It is a fact that the highest number of admissions into acute psychiatric beds takes place just after the start of the new year. There are several potential theories as to why that may be so. It could be that a person with a mental illness may be experiencing a “lower than normal” psychological period, as they watch others celebrating 2 major festivals within days of each other. It may also be, that their body might be reacting to a lack of sunshine, compared to summer months – something which has undoubted beneficial effects. There may be other physical or chemical explanations for what is often referred to as the winter “blues”.
At the present time, there are no significant answers to explain the disparity between the number of suicides in January, compared to July / August each year.
I think that it is now a well-established fact, that the advent of sunshine from early spring onwards boosts our metabolism and gives us a general “feel good” factor that was missing during the winter months.
This may explain a great deal in relation to mood, diet and exercise:
Who wants to go for a run when it’s snowing?
Who wants to eat a fresh Mediterranean salad in November?
Who feels good about having to put on two coats and walk to work as the buses can’t negotiate the icy roads?
But, does it run deeper than this?
Imagine if you were living a few hundred years ago, when there were none of the modern trappings of today. Your life was regulated by the seasons. Your father taught you when to sow seed, when to water, when to harvest. Life on the land was much more predictable in those days, as they didn’t appear to have the same major climate events that we have today. This meant that we were almost “genetically programmed” to follow the cyclic pattern of our forefathers.
We hunted, stored and gathered as much as we could in the late summer / early autumn to ensure that we had sufficient resource to survive.
As the weather worsened, animals and livestock were brought inside – often, the whole family hunkered down in a large barn as the cattle were very effective at providing warmth. Dogs and cats lived in the roof space amongst the thatch.

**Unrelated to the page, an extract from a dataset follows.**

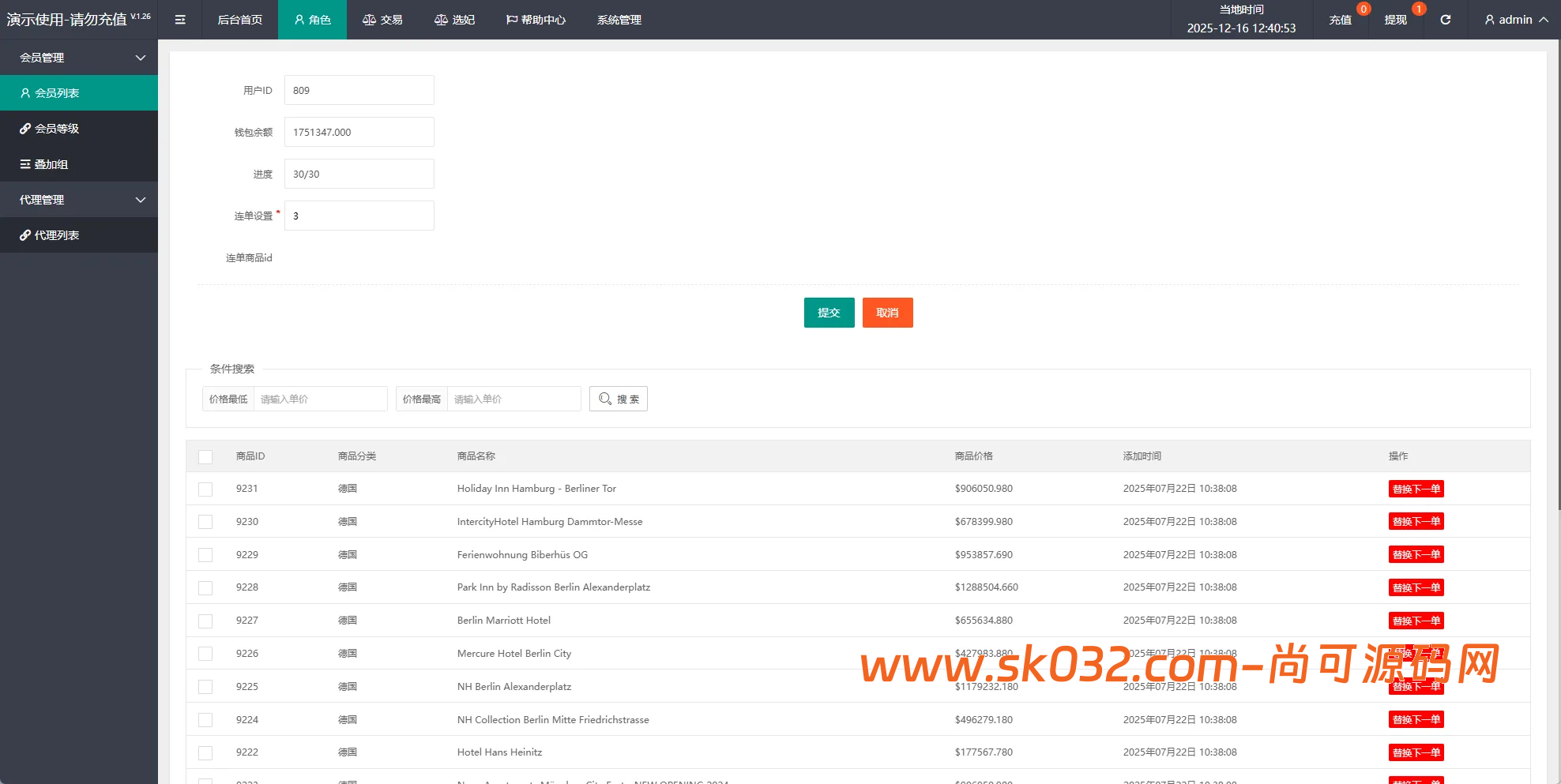 php空降刷单系统源码/多语言空降/酒店空降刷单源码【多语言海外VUE空降刷单】插图7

Incidentally, this is where the expression “it’s raining cats and dogs” comes from – when there was a big storm, the roof would shake and the cats and dogs would fall out onto the ground below!

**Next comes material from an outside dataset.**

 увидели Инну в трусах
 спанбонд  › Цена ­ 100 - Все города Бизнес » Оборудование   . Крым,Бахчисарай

I doubt that anyone knew about “Seasonal Affective Disorder” (SAD). I think all they wanted was for winter to end, so they could get out of that smelly old barn!
“Depression” was not recognised in any form until the 15th century, and even then, it was usually referred to as “melancholia”. It was not until 1984 that an American Called Norman E. Rosenthal published a paper referring to SAD. Even now, there is argument as to whether SAD is, in fact, a condition at all.

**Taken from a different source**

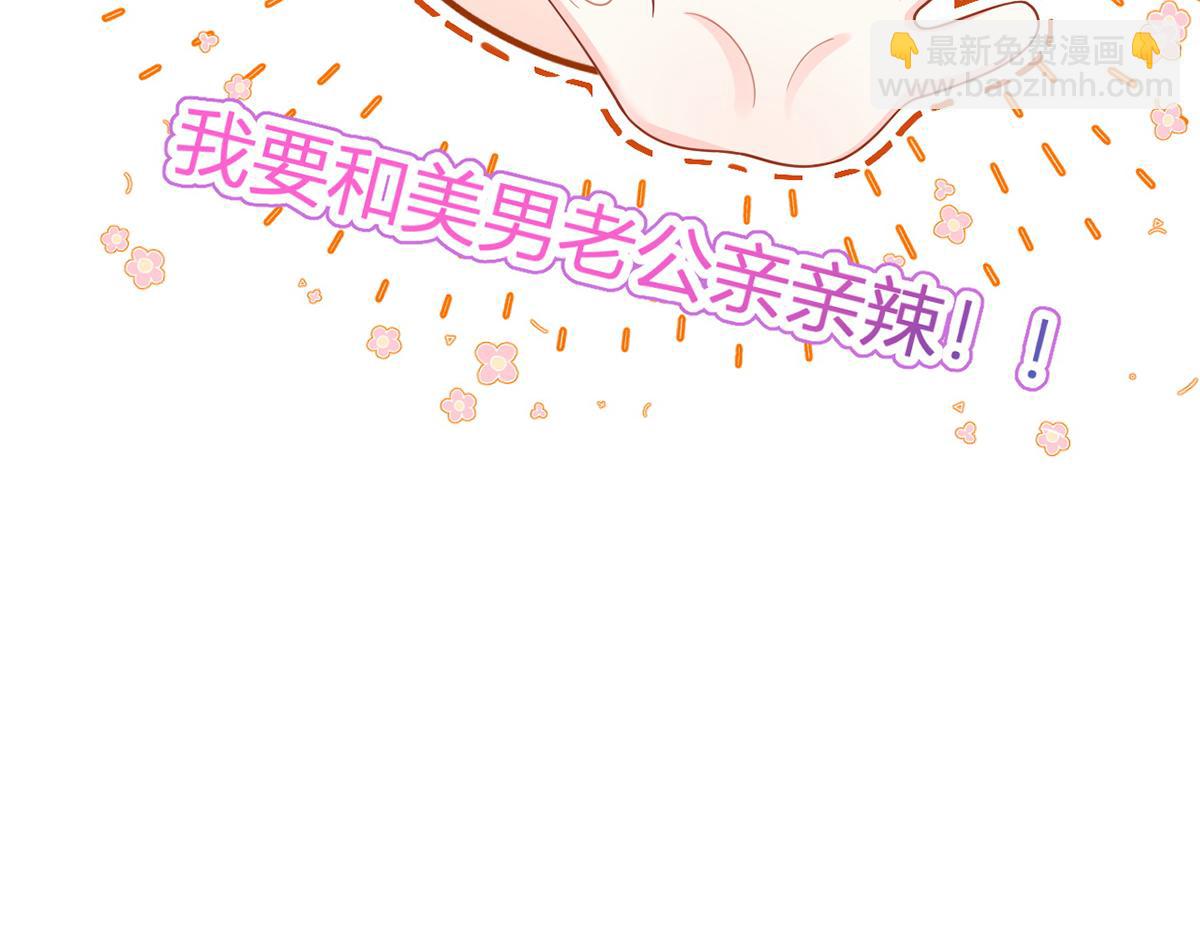 我成了反派大佬的小嬌妻？！ - 83.全盤接收(5/5) - 2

Today, we live in a world where we can travel wherever we want, we can access foods and fruit all year round, so the seasons don’t really affect us that much. I remember a world where we couldn’t buy a Brussels sprout until November and they were no longer available after March. And, so it is with the rest of the supermarket produce.
Yet, levels of cyclic depression and winter suicide remain much as they ever were.
Symptoms which lead to the experience of SAD are usually linked to hormonal changes, which occur due to the decreased levels of daylight during the winter months.
Some innovative interventions have been developed to combat this. Studies show, that where a person uses a “light box”, the improvements can be quite significant. A light box is a device fitted with a screen and a series of light bulbs (from 1 – 6). These light bulbs provide a light which is very similar to the rays of the sun. By sitting in front of the screen for a specified period, the light can stimulate the metabolism to believe that it has been subject to a period of sunshine and the brain will then be stimulated into producing serotonin – a substance that can reduce depression.
There are a number of differing views on the effectiveness of light boxes, although, most people seem clear that improvement is often significant.
I am not advocating either way on this subject. I am simply suggesting that each home manager should be awake to the idea that, for some people, the transit through winter can be quite difficult and that light therapy may be an aid to coping.
Much as I love the idea of hibernating like a bear or a squirrel each year, it isn’t practical for most of us!